Eu me considero uma pessoa altamente comprometida com mudanças de esquerda, tanto é que eu sou a única candidata que está defendendo com grande competência a regularização fundiária para poder criar a legalização da moradia das pessoas. Isso é uma coisa inédita. Fiz uma aliança com grandes economistas e advogados para poder resolver esse problema da população carioca. É uma dívida social imensa que o Rio tem e eu estou apoiando a regularização fundiária, desde que não seja em áreas verdes ou áreas de risco.

Qual o perfil do PV no Rio?

Prevalece essa visão do Partido Verde social, contra essa mazela do saneamento que não se resolve, pela coleta seletiva que não temos (0,5% na cidade do Rio), por um transporte de massas que não seja esse que está aí invertido. Você tem 500 mil pessoas andando de trem e 600 mil andando de metrô e, de outro lado, 1,4 milhão andando de carro e 1,2 milhão andando de van.

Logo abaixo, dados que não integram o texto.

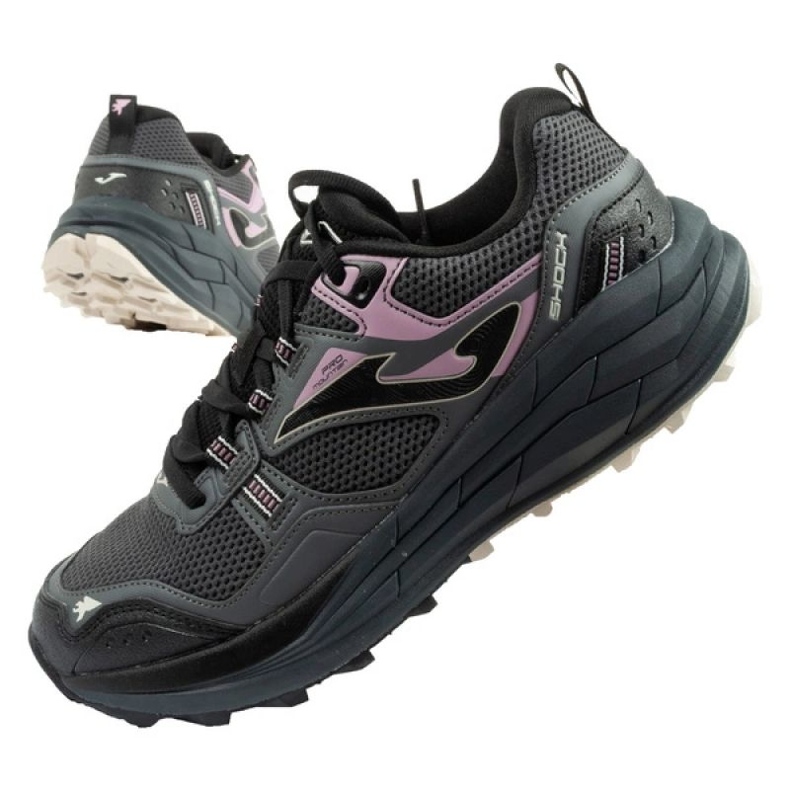 Joma Shock Lady 2522 Scarpe in TKSHLW2522 nero 1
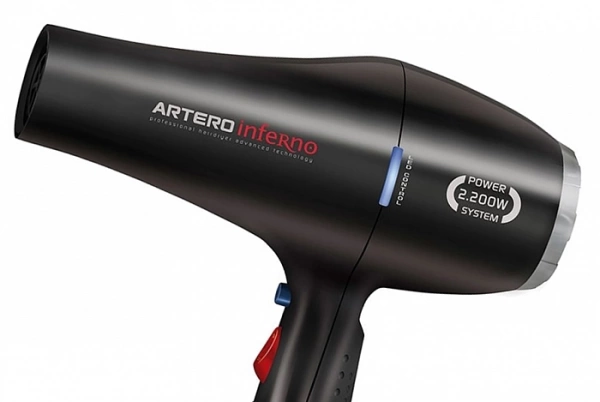Фен парикмахерский Artero Eternal Inferno 2200W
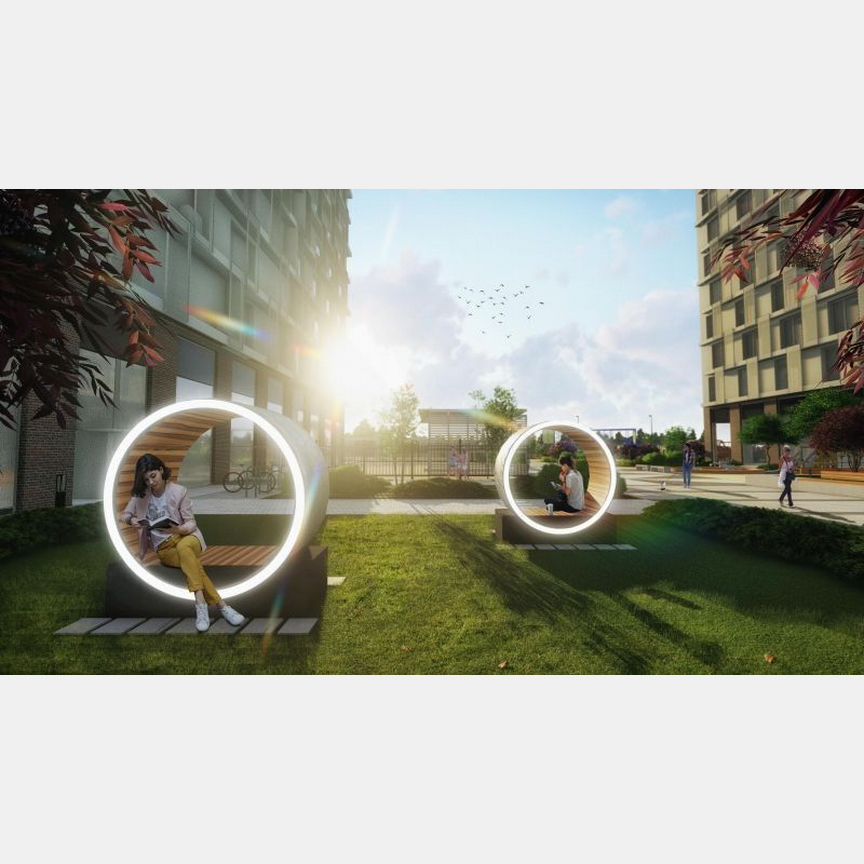 4-к. квартира, 160,6 м², 9/12 эт.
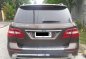 Sell 2014 Mercedes-Benz Ml-Class at 29601 km -1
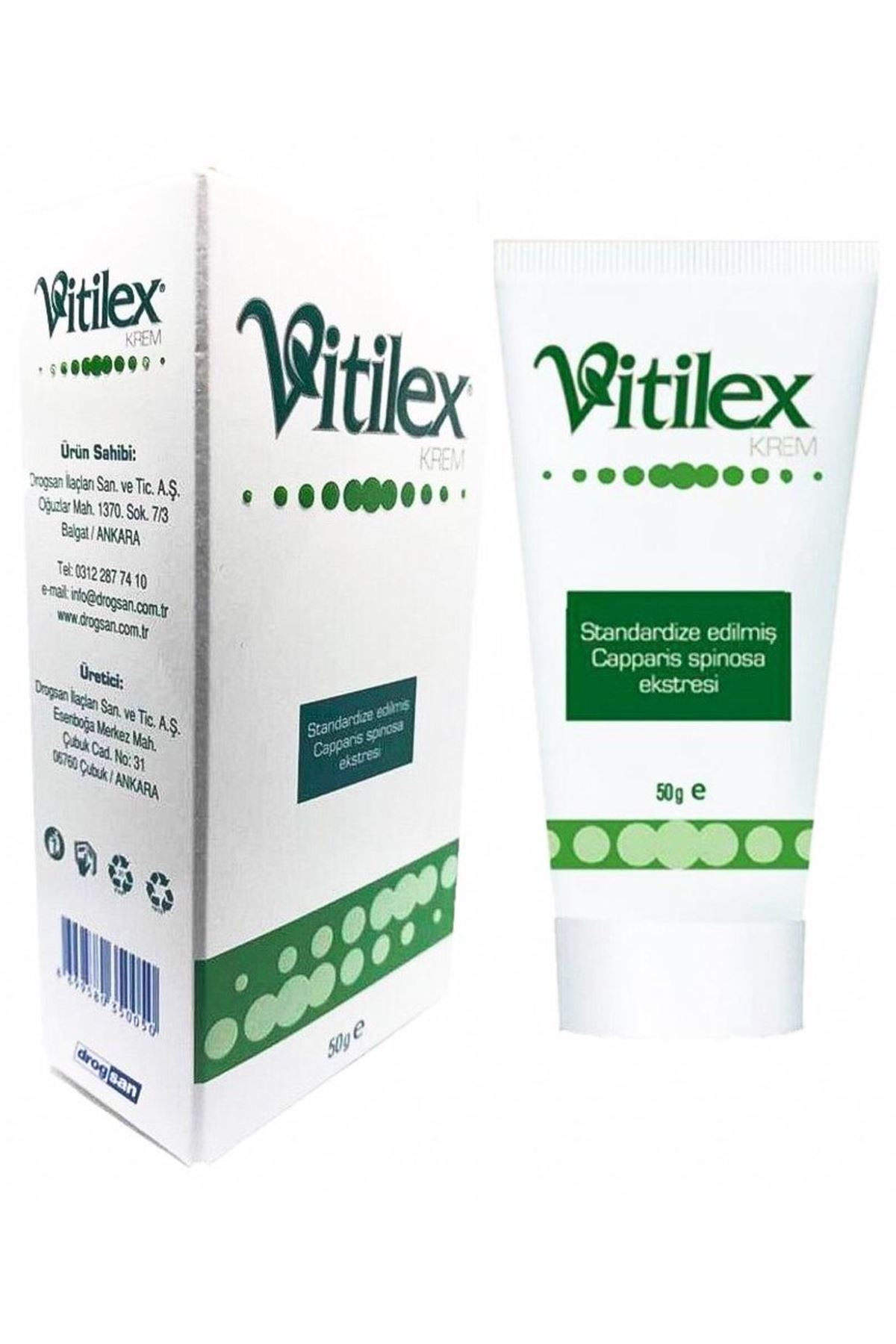 Vitilex Krem 50 g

É todo um sistema tortuoso que precisa se tornar sustentável para garantir a mobilidade urbana na cidade. 

Então, acho que o nosso programa é um programa muito pra frente e altamente radical socialmente, porque nós queremos erradicar a pobreza no Rio de Janeiro no prazo mais curto possível, investindo na educação e na cultura, para melhorar a qualidade do ensino, e fazendo a evolução da saúde. O meio ambiente será encarado não só como preservação da natureza, mas também a partir de uma visão nova de cidade. A economia da natureza é importante e nós não podemos destruir o nosso maior ativo econômico. O desenvolvimento do consumo e da produção sustentáveis vai desenvolver também uma grande classe média, com menos contrastes sociais, e a erradicação da pobreza. Eu me sinto muito feliz e confortável em estar propondo para a minha cidade o cardápio completo da sustentabilidade.

Já se fala em um “partido do futuro”, que reuniria independentes, com destaque para o grupo de Marina, e setores do PV, do PSOL e da esquerda do PT. O que a senhora acha da ideia? Acredita numa mudança no tabuleiro partidário brasileiro?

Olha, é muito difícil dizer isso. Eu estou em uma campanha eleitoral, eu sou do PV e o PV me deu a confiança de representá-lo nesta eleição. Não desejo me distrair pensando nessas coisas que estão muito distantes da minha realidade, que é o processo eleitoral, é discutir com a população, é honrar as bandeiras do partido e fazer bonito nessa eleição, ganhar a eleição.

No segundo turno, o melhor para a cidade do Rio de Janeiro não é o radicalismo intransigente. O prefeito – que ninguém dúvida que estará no segundo turno – precisa de um adversário à altura e que não faça propostas que são irrealizáveis ou propostas que no fundo não vão contar com apoio definitivo porque não foram feitas para governar, foram feitas com objetivos mais ideológicos do que pragmáticos.